The Supreme Court ruled in favor of Dot Foods. The court said the law, RCW 82.04.423(1)(d), requires out-of-state sellers to make sales “exclusively” through a seller’s representative, but that “exclusively” does not mandate that all sales consist of consumer products. Additionally, the court rejected the argument that Dot loses its exemption because some of its products end up in retail stores. “The wording of the statute has not changed since its enactment; only the Department’s interpretation and application of the statute have changed.”
Privacy & Warrantless Searches – State v. Tibbles (2010)
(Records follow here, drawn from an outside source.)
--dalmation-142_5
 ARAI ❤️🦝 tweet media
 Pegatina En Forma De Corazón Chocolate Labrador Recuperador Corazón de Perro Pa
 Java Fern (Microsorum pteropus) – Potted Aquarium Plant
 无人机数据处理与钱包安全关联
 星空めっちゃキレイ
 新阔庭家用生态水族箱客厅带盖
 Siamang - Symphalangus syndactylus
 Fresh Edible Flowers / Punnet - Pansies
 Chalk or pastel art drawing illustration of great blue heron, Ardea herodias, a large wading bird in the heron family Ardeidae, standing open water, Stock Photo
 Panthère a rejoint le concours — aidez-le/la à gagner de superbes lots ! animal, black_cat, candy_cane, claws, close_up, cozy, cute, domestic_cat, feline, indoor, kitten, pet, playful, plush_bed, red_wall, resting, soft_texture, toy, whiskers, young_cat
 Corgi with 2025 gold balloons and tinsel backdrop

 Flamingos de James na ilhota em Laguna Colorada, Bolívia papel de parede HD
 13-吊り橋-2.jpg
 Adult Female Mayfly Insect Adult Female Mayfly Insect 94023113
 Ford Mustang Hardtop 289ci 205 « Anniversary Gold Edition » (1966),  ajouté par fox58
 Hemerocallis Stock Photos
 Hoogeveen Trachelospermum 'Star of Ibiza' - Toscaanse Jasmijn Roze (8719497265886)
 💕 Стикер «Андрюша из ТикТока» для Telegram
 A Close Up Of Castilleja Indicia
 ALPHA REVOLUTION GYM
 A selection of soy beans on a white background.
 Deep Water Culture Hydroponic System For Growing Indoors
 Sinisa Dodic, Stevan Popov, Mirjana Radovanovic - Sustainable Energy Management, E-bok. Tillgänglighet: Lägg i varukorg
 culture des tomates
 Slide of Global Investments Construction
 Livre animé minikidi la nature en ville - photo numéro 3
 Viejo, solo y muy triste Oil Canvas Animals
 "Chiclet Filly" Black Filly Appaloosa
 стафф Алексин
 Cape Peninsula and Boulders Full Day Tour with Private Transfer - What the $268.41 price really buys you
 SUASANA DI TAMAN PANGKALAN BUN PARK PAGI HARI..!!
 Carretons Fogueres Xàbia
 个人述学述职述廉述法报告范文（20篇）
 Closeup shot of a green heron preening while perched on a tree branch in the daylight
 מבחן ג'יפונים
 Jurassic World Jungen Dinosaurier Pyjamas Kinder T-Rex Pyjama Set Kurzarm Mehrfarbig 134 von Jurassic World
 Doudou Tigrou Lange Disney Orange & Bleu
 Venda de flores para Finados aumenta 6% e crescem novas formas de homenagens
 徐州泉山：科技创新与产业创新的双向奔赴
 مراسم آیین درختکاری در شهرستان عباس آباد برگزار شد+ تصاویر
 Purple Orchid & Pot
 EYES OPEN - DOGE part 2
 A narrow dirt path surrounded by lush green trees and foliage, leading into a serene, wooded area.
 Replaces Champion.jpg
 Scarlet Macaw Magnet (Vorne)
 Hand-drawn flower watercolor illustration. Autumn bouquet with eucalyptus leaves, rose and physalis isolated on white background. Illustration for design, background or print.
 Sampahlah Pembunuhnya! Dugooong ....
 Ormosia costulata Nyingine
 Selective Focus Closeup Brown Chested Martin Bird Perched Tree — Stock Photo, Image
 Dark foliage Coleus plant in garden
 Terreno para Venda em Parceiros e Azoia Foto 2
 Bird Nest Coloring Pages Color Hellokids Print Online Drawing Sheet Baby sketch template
Micah Tibbles appealed his misdemeanor convictions for possession of marijuana and drug paraphernalia. During a traffic stop of Tibbles, Trooper Norman Larsen detected a strong odor of marijuana coming from Tibbles’ car. The trooper did not arrest Tibbles or seek a warrant, but conducted an warrantless search of the car, whereupon he discovered marijuana and drug paraphernalia. The district court, superior court, and Court of Appeals all upheld the search under the “exigent circumstances” exception to the warrant requirement, which allows law enforcement officers to conduct warrantless searches when obtaining a warrant is not practical because the delay would compromise officer safety, facilitate escape, or allow destruction of evidence. Justice Debra Stephens, writing for the Supreme Court, said that the exigent circumstances exception would not apply in this case and that the search of Tibbles’ vehicle was unconstitutional under article I, section 7 of the Washington Constitution.
Open Government & Public Records – O’Neill v. City of Shoreline (2010)
The Supreme Court ruled that metadata associated with a public record, such as an e-mail, is a public record and is subject to disclosure under the Public Records Act.